Ao longo do processo histórico e geopolítico, principalmente com o surgimento do Capitalismo, foram criadas várias teorias , sendo sua grande maioria eurocêntrica, tendo como principal objetivo sustentar a ideia da superioridade do branco europeu, caucasóide, sobre as outras "raças". Com as grandes navegações do século XVI e a hegemonia inicial portuguesa, o continente africano começou a ser explorado via Atlântico. A dominação portuguesa, europeia, criou um novo mecanismo, ampliado, da escravidão, o escravismo mercantil. Com a produção açucareira na América Portuguesa, iniciou-se o tráfico de escravos negros oriundos da África. Portugal possuía o domínio geopolitico do Atlântico Sul, o que facilitou e muito o tráfico negreiro, com conexão África - Brasil.
Foi estabelecida a "pedagogia do terror", com o extermínio dos povos originais da América, somada à escravização de milhões de africanos. O Brasil recebeu aproximadamente, quatro milhões e oitocentos mil escravos, ou seja, o local com o maior número de escravizados da história. Não é possível entendermos as origens do racismo estrutural sem conhecermos essa trágica história da escravidão na América Portuguesa e posteriormente, no Império do Brasil.
Voltemos ao século XIX, ao capitalismo imperialista e ao continente africano.
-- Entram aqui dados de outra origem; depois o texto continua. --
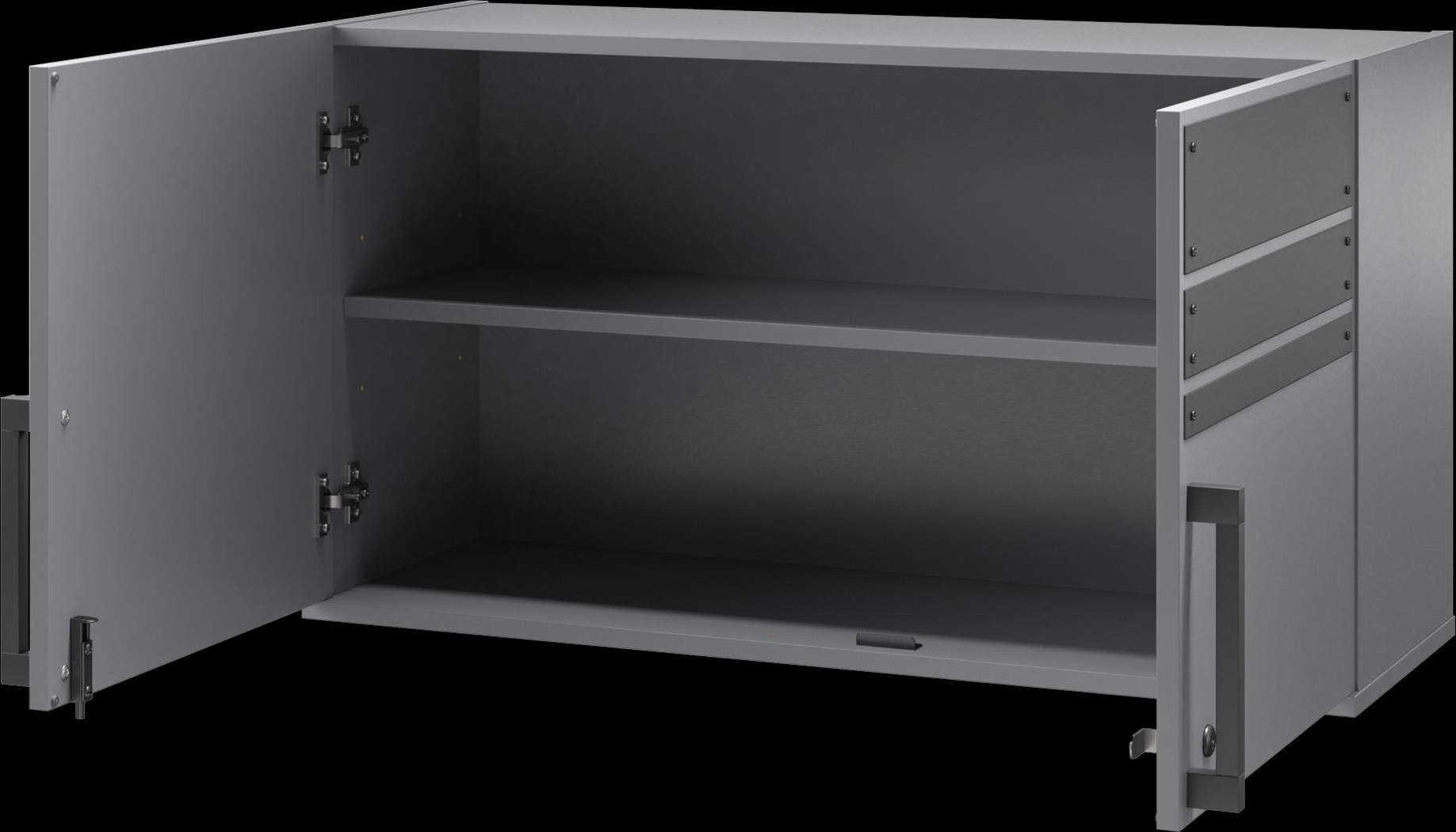 Gurden Gray Garage 2 Door Wall Cabinet - Thumbnail - Image 8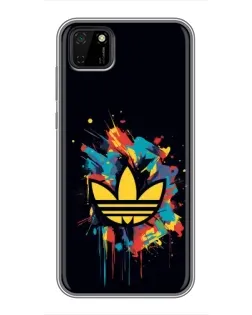 Чехол для Huawei Y5p с картинкой «Adidas Splash»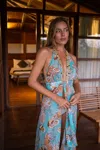 Poupette St Barth Long Dress Caliz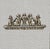 Antique Rococo Style Three Panel Ornate Silver Metal Fireplace Screen Birds For Sale In Pittsburgh - Image 6 of 8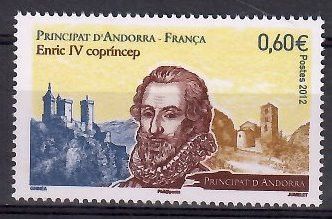 Znaczek Andora (francuska) 2012 Mi 753 Czyste **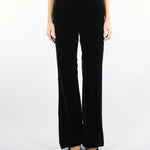 Pantalone smoking Nero in velluto VETRINO 7 MAX MARA STUDIO 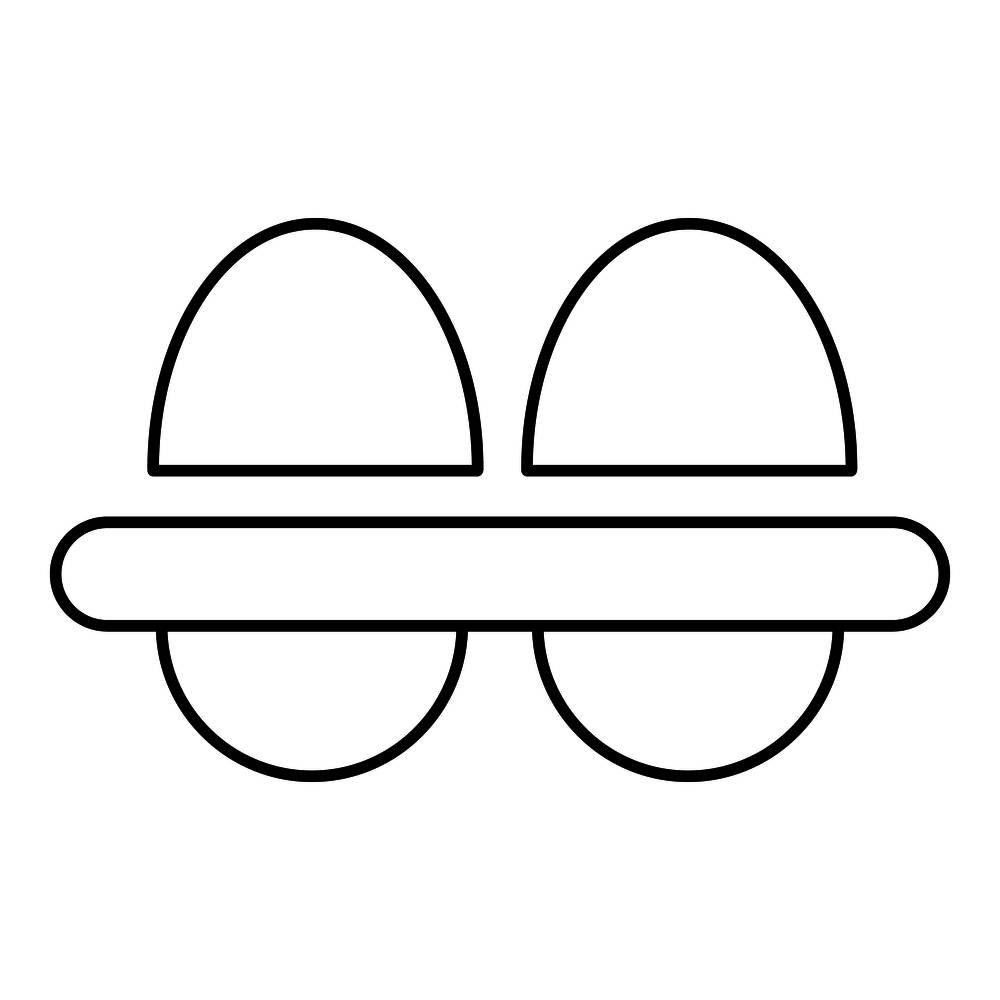 Fresh eggs icon. Outline illustration of fresh eggs vector icon for web design isolated on white background. Fresh eggs icon , outline style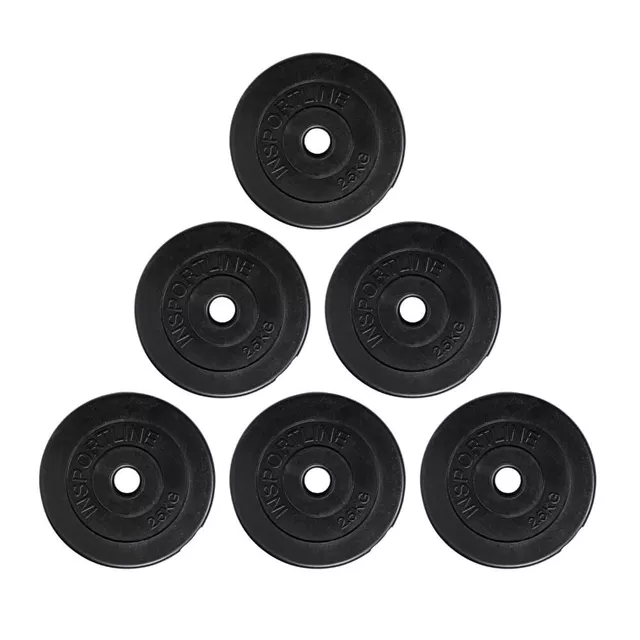 Nakládací činkový set inSPORTline BS08 5-50kg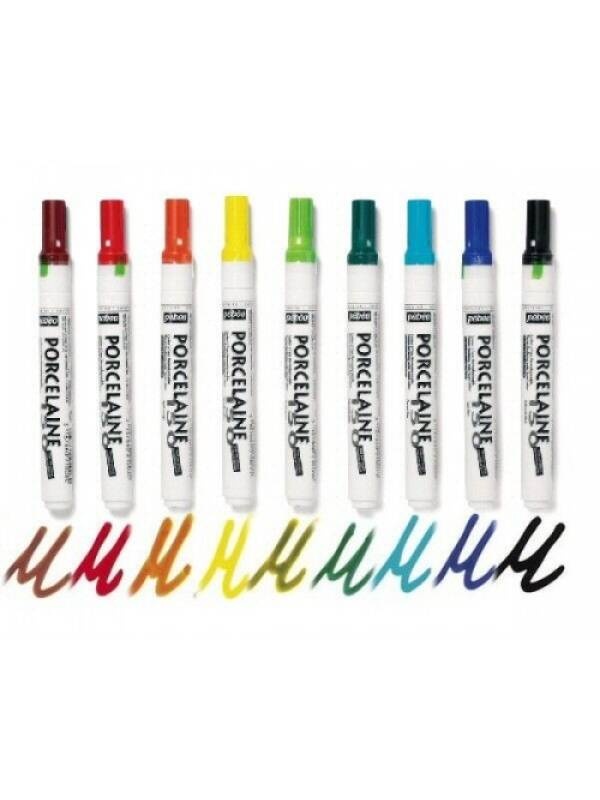 Markere pentru portelan Porcelaine 150 Pebeo - Varf Normal 1.2 mm (Culoare: Agate Orange 02)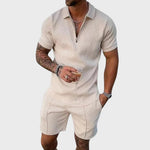 Conjunto de Camisa Polo e Calções masculino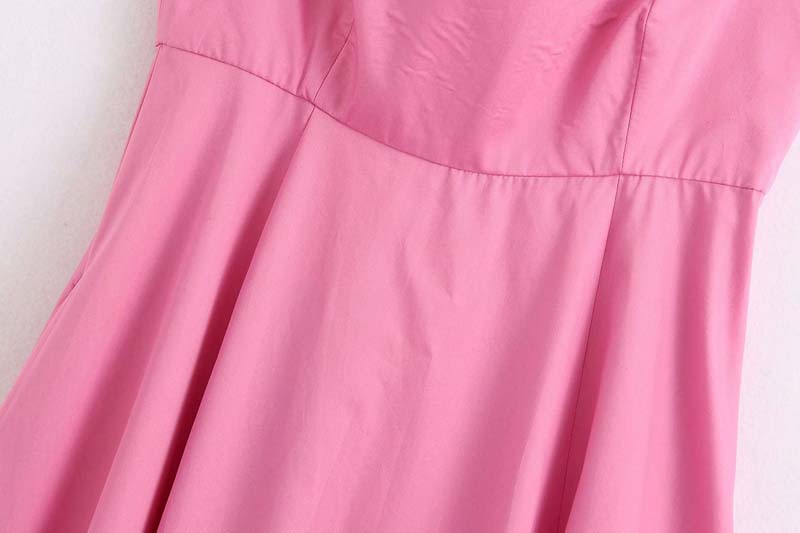 Sleeveless Maxi Dress Pink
Com o avanço da ciência em seus vários matizes, inclusive a geologia, se descobriu que a África era a maior província mineralógica do mundo, com uma variedade de recursos minerais e combustíveis fósseis quase infinitos. O imperialismo mostrava suas garras. Utilizando-se de pseudoteorias ligadas à Sociologia, História e Geopolítica, o darwinismo social justificava a agressão aos povos africanos e asiáticos.
Em 1884-85, tivemos a Conferência de Berlim e a partilha da África entre as grandes potências europeias, enquanto Spencer afirmava que um país para ser desenvolvido, deveria ter a população majoritariamente branca. No Brasil a transição do trabalho escravo para o trabalho do imigrante assalariado, ganhava força. Estima-se que entre 1880- 1902, chegaram ao Brasil cerca de 2 milhões de imigrantes, destaque para alemães e italianos. A clase dominante brasileira que vivia no Centro-sul do país, sonhava com o "embranquecimento" dos brasileiros, ao mesmo tempo em que se ocupava em discriminar as populações negras, indígenas, mestiços, culpando-os pelo atraso econômico do pais, quando na verdade, o subdesenvolvimento era originado pelo modelo econômico que essa mesma classe produzira.
O fim da escravidão no Brasil, em 1888, considerando que entre a população negra e mestiça, o número de escravizados girava em torno de 5%, sendo que os libertos e nascidos livres já viviam na condição de exclusão social profunda, temos ainda assim, cerca de 1 milhão e 500 mil ex-escravizados, que após a luta pela liberdade, continuaram excluídos do sistema econômico que surgia no Brasil. É nesse momento que as "teorias" racistas ganham força entre a classe dominante brasileira e passam a ser difundidas de forma maciça. À exclusão social, à exploração do trabalho, soma-se o racismo estrutural, herdeiro do antigo regime escravista, porém agora, vinculado ao Capitalismo periférico e "justificado" pela suposta superioridade dos "brancos" brasileiros.
A discriminação continuava, mas agora de outra forma, justificada por critérios "raciais" do século XIX, com a pseudociência spenceriana. Ao mesmo tempo, as formas de luta dos povos discriminados, a resistência, as formas de solidariedade da população negra, dos povos originários, da população mestiça também sempre discriminada (cabras, caboclos, mulatos, caiçaras dentre outros), se fez presente. Onde houve escravidão, houve resistência. Enquanto existir racismo, haverá luta contra ele.